Marbling – the origins and grading process:
If you’ve heard anything about Wagyu, you’ll know that it is synonymous with “marbling,” referring to the unique layers of intramuscular fat found within the beef. This magnificent marbling contributes to Wagyu’s melt-in-your-mouth tenderness and buttery, umami flavour.
No other beef variety compares – putting Wagyu in a league of its own.
So, what gives Wagyu that trademark look and taste?
The role of genetics in marbling:
Wagyu cattle have a history rooted in Japan, where they were primarily bred for physical endurance and used in agriculture for centuries.
In the 1900s, Japanese Wagyu cattle were exported to the United States for a short time, ending in an export ban in 1997, with Japan declaring Wagyu cattle “a national treasure.”
In light of this, it’s important to understand the significance of 100% certified Wagyu cattle.
When Wild Coast Wagyu began 5 years ago, we carefully selected our genetics to ensure high quality for our customers. We proudly state that they are ranked in the top 5% globally. It’s important to note that each Wagyu cow is different from the next, be it in size or fat content, resulting in carcasses of varying marbling quality.
You may have heard stories of people massaging their Wagyu cattle daily, feeding them beer, or playing classical music to soothe them and produce the finest beef.
While we can’t quite speak to those methods, we can confidently say that the quality of the cattle’s feed and the manner in which they graze undoubtedly influence their meat quality.
Our Wagyu, for example, are raised in an open environment, free to roam and explore the scenic pastures of Greenfields Farm on the outskirts of Mooi River in the KwaZulu-Natal Midlands. There is no need to inject our cows with hormones or antibiotics, as their lifestyle keeps them healthy and happy – resulting in beef that is a cut above the rest.
How do you grade a Wagyu cut?
The first (and most important thing) to note is that our cattle are registered with the Wagyu Society of South Africa.
But what does that mean to you, the consumer?
This means that our Wagyu’s traceability is ensured through DNA sampling and testing. It also means that the grading process is independent, giving you peace of mind that when you pay a premium price for a particular cut – you get what you pay for.
To ensure that store-bought Wagyu is registered with the WSSA, look out for the logo below.
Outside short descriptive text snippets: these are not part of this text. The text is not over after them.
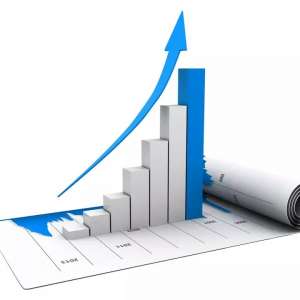 �յ���ҵ3������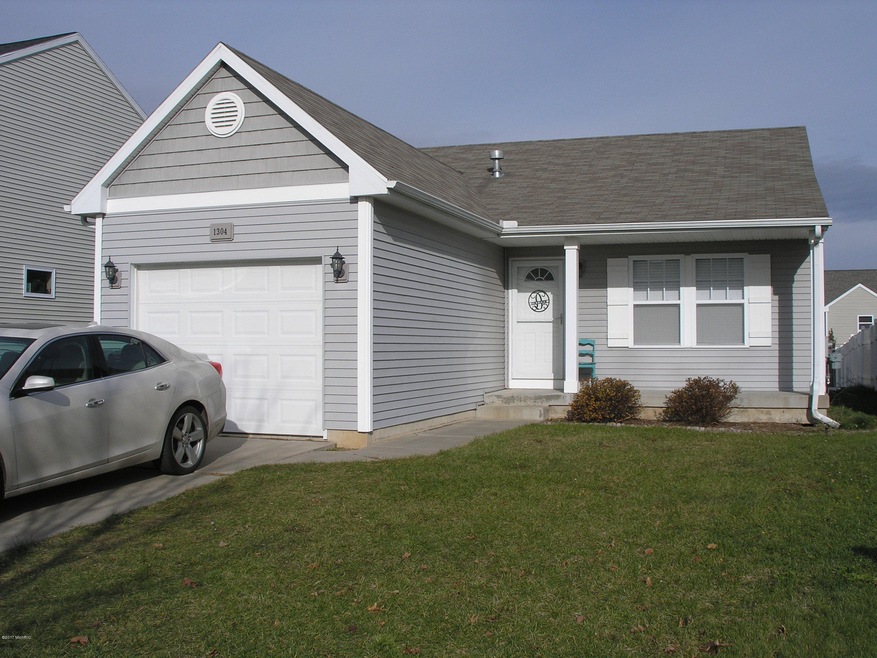1304 Ellery Grove Court 029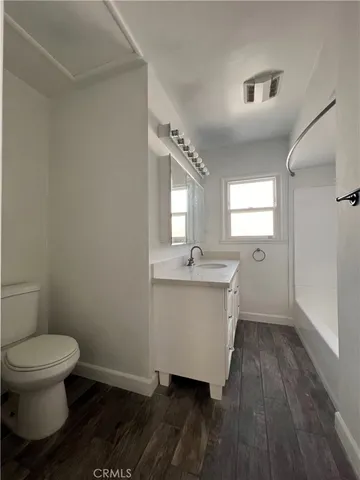 $2,700 | 2588 Genevieve Street North, San Bernardino, CA 92405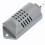 Humidity Controller SVWL-8040 220V LED Digital Air Humidity Control Meter with Temperature Sensor Probe 1%-99% RH 7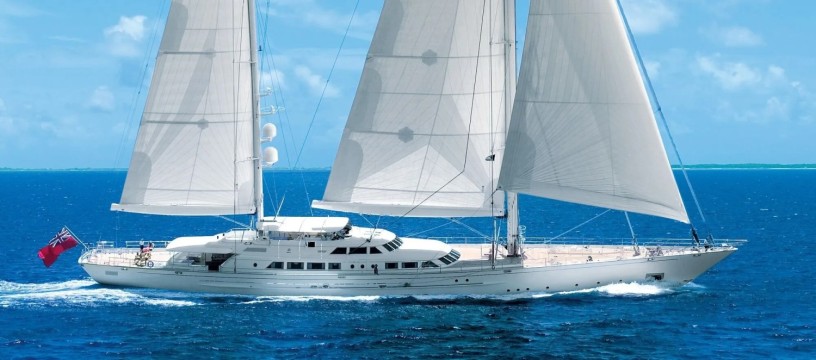plan-a-memorable-caribbean-yacht-charter-cruise-caribbeanyachtcharter-big-0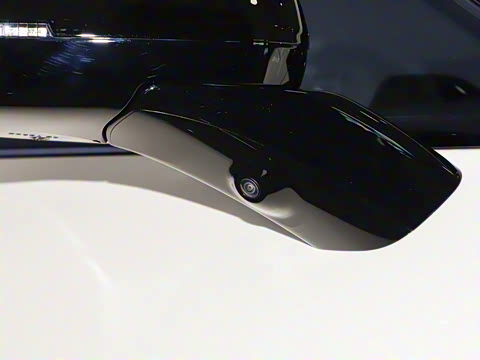 2026�� 520������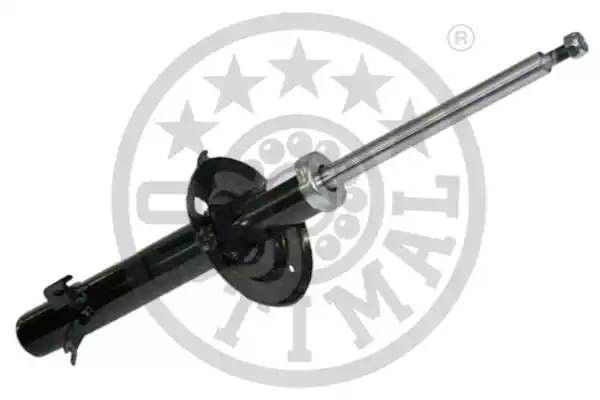 Амортизатор A3235GL OPTIMAL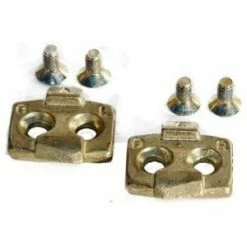 Cales Time Atac EASY 10°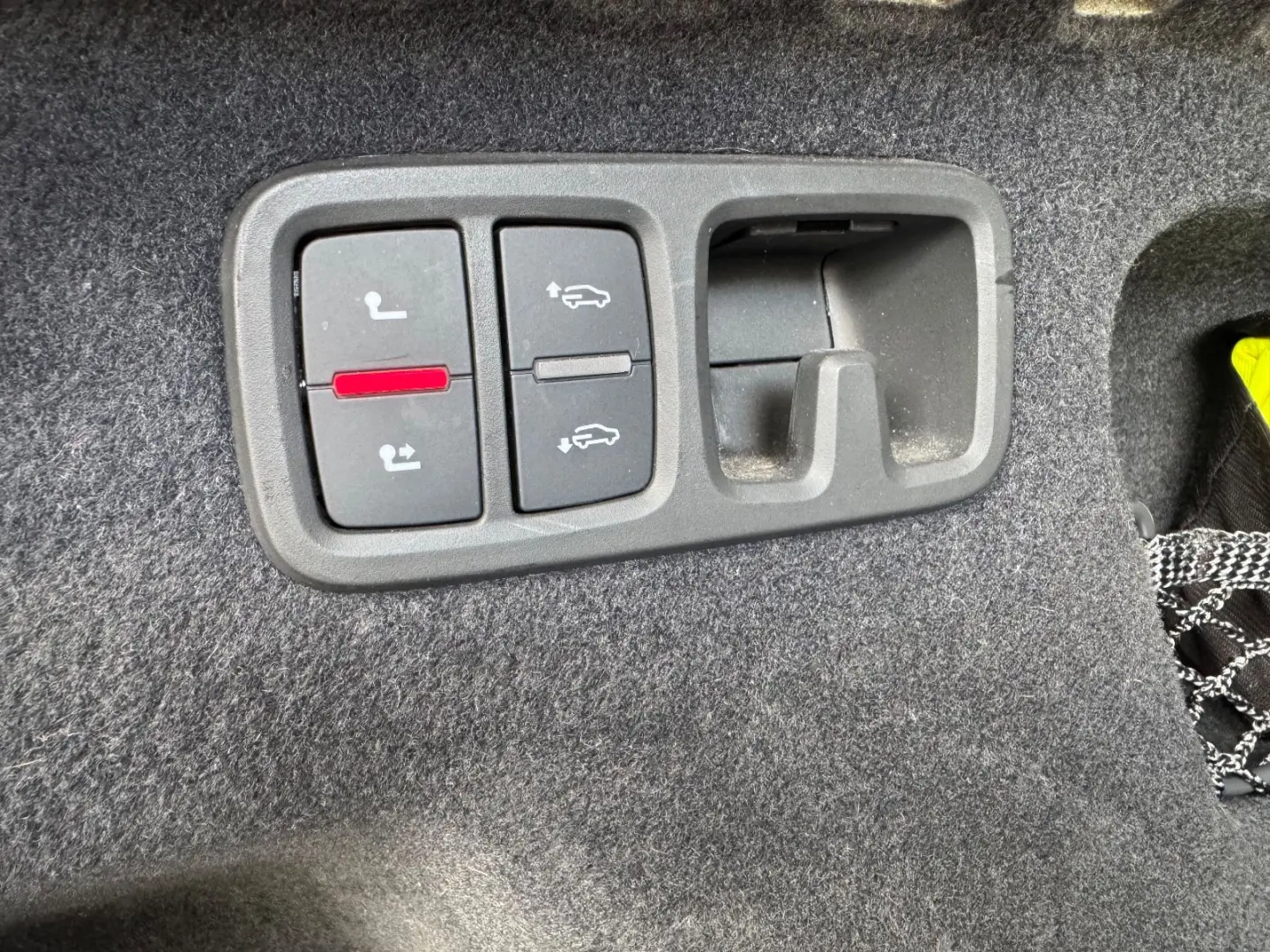Q8 50 TDI quattro S-LINE PLUS RAUTE 360 MATRIX
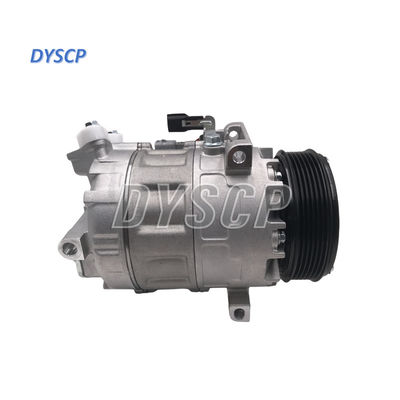 comprar 92600-5TA0A 926005TA0A Compresor de carros ac Nissan Serena X-trail T31 C27 2016 6pk Fabricación en línea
Every Wagyu supplier in South Africa registered with the WSSA has a standardised grading process.
Upon harvesting, a cut is taken between the 7th and 8th rib of the carcass, traditionally your ribeye steak. A specialised camera is used to take a photo of the cut. It’s then sent to the WSSA, who provides an objective marbling score.
Currently, our cuts range from MS 4-5 to MS 6-7 (with the occasional MS 9) and are steadily increasing.
Our focus on quality over quantity means that we are continuously improving our marbling score through genetics and farming methods, ensuring that you get the best beef every time.